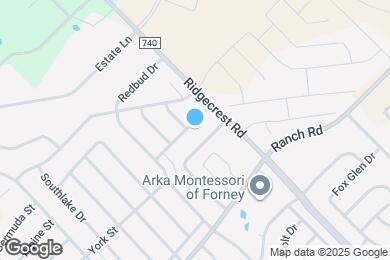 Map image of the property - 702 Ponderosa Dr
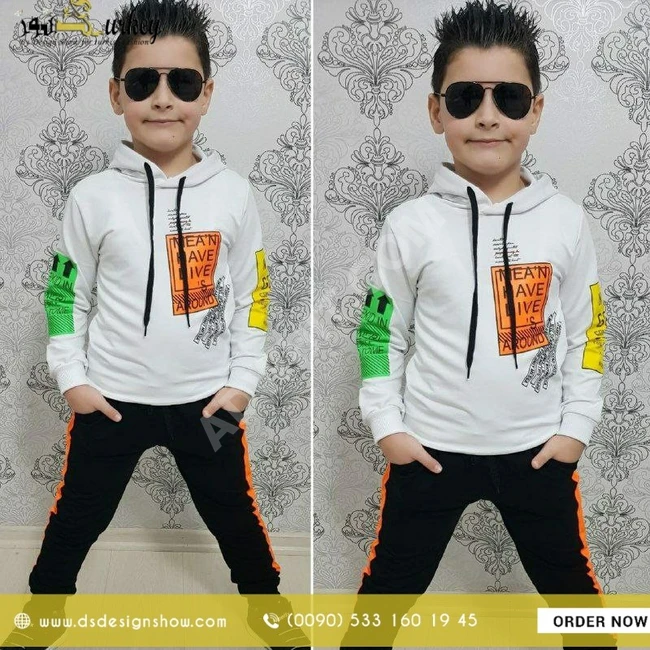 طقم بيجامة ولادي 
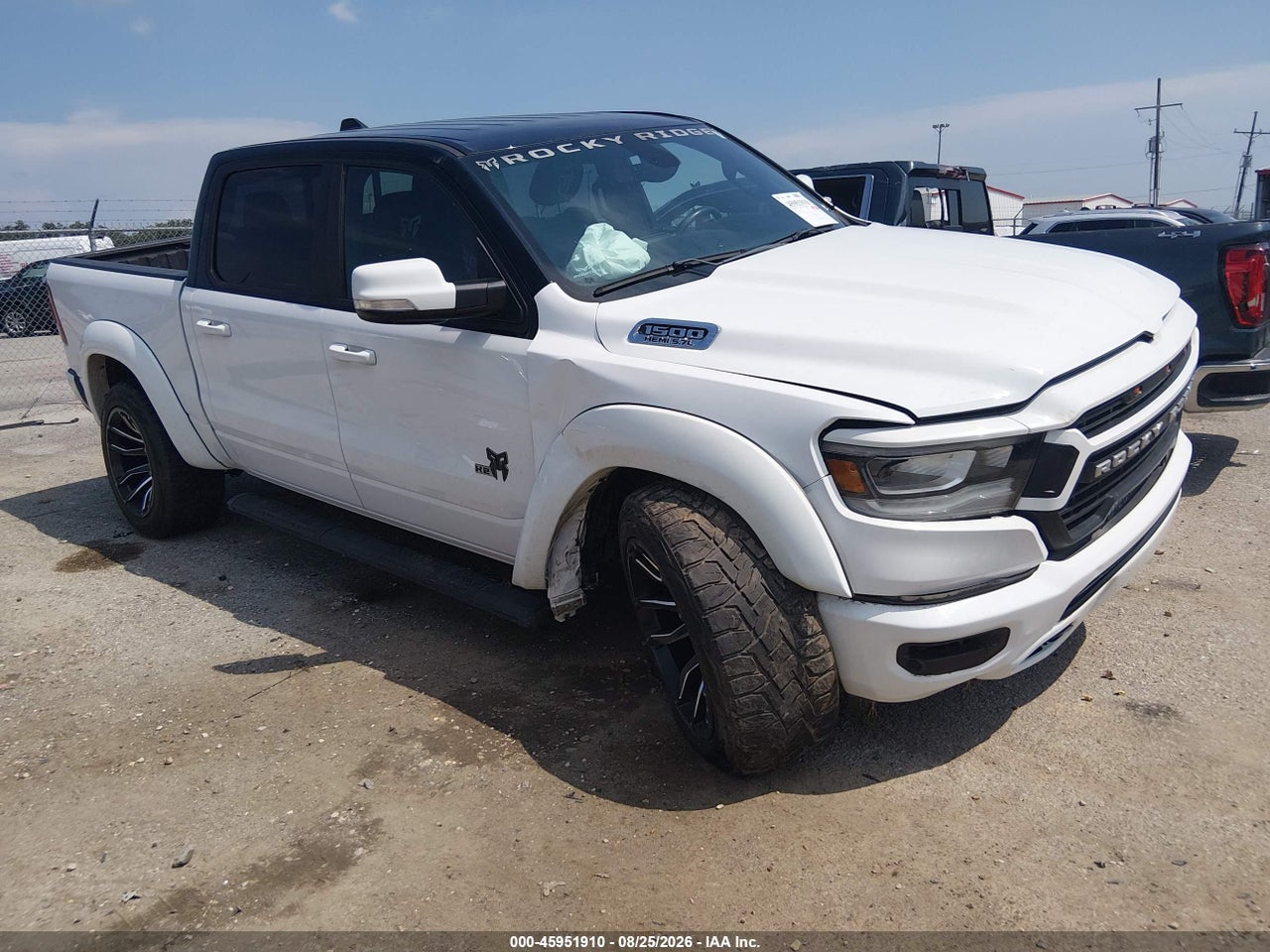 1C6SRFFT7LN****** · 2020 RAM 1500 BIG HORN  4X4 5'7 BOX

-----

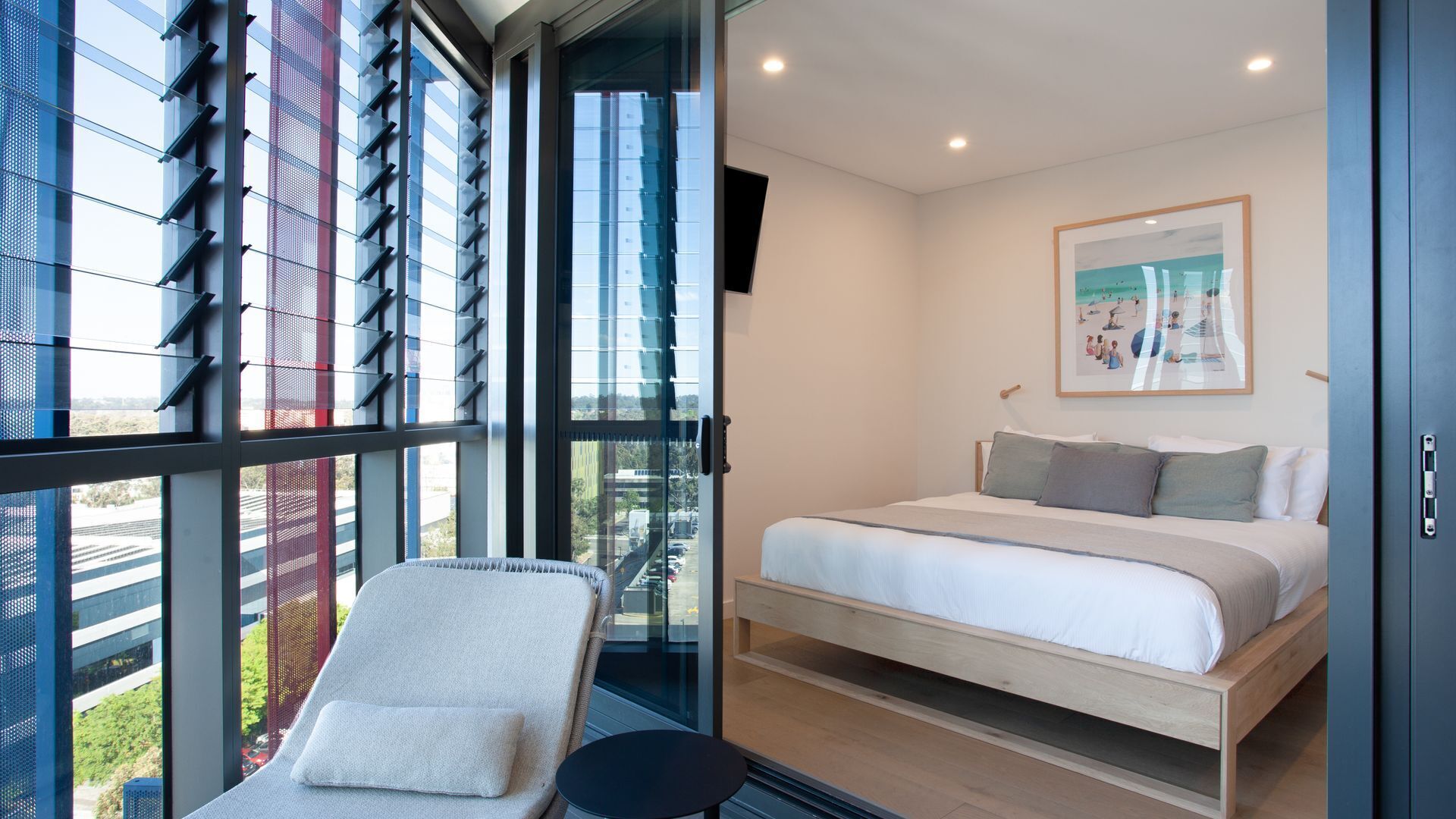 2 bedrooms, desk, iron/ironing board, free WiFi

-----

Exercise objective - Above are some records; quote exactly and only the lines that begin at the line containing "طقم بيجامة ولادي" and stop after the line containing "1C6SRFFT7LN****** · 2020", leaving out the pictures.

Solution for this problem -
 طقم بيجامة ولادي 
 1C6SRFFT7LN****** · 2020 RAM 1500 BIG HORN  4X4 5'7 BOX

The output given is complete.